The market seems to be placing a lot of faith in a Fed rate cut. Lowry's has noted that over the past three sessions, the Dow Industrials has gained 50, 53 and 68 points, respectively, in the final hour of trading. Though Motorola projected earnings above expectations (the magic word), there is clearly weakness in the cell phone business, as business continues to go to large-margin lines.
On the negative side, the weakness in Q4 continues to be in financials and consumer discretionary (retail, autos, and home builders):
1) Home builders Ryland and Pulte reported huge losses. Ryland, as many expected, took a huge loss on inventory valuation and adjustments (in other words, they wrote off or wrote down the value of land and houses they owned). Excluding the inventory valuation adjustments and writeoffs, they would have earned $0.46 a share. While new orders dropped 21% from a year ago, the inventory of unsold houses also declined 30% from a year ago.
2) Analysts now predict financial stocks as a whole will record an increase of only 3.0% in profits in the fourth quarter; at the beginning of the month the estimate was 7.0%. The problem? Analysts are bringing down estimates for the big guys--Citi, Bank of America, Washington Mutual , Merrill. It's quite possible the total estimate could go negative.
--The U.S. down/international up story still strong. Look at Black and Decker : sales in almost every part of their North American operations decreased... but the European business posted a double-digit sales increase.
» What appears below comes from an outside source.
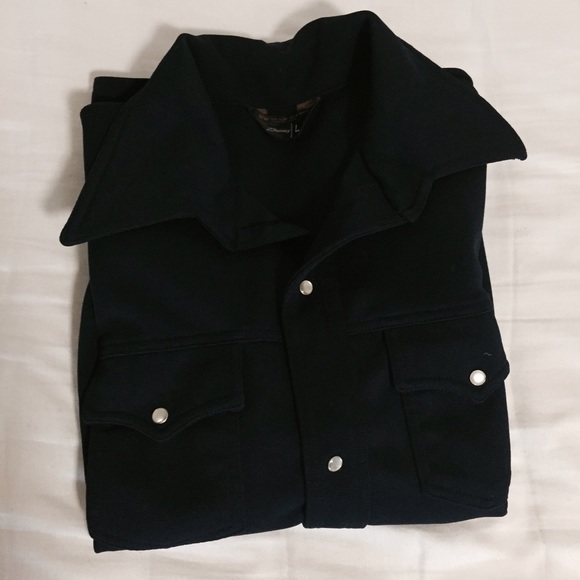 VINTAGE JCPenney Dark Navy Button Up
Sales also increased double digits in Latin American and Asia. As a result, they beat expectations. They say the do not expect near-term improvement in the U.S. housing industry or a particularly robust holiday season. Still, they raise their full year guidance.
--Cummins , known for its truck engines, gave earnings and guidance below expectations. Though they blamed the weakness on changes related to emission regulations, the miss was a surprise to the Street; down 9% pro-open. Cummins still has 50% of its sales in the U.S.
--Bank of America down as it forced out the head of its investment banking unit; like Merrill , they are likely shrinking parts of their operations. The move includes a strategic review of what businesses they want to be in;but first up is elimination about 3,000 jobs.They recently reported huge trading losses.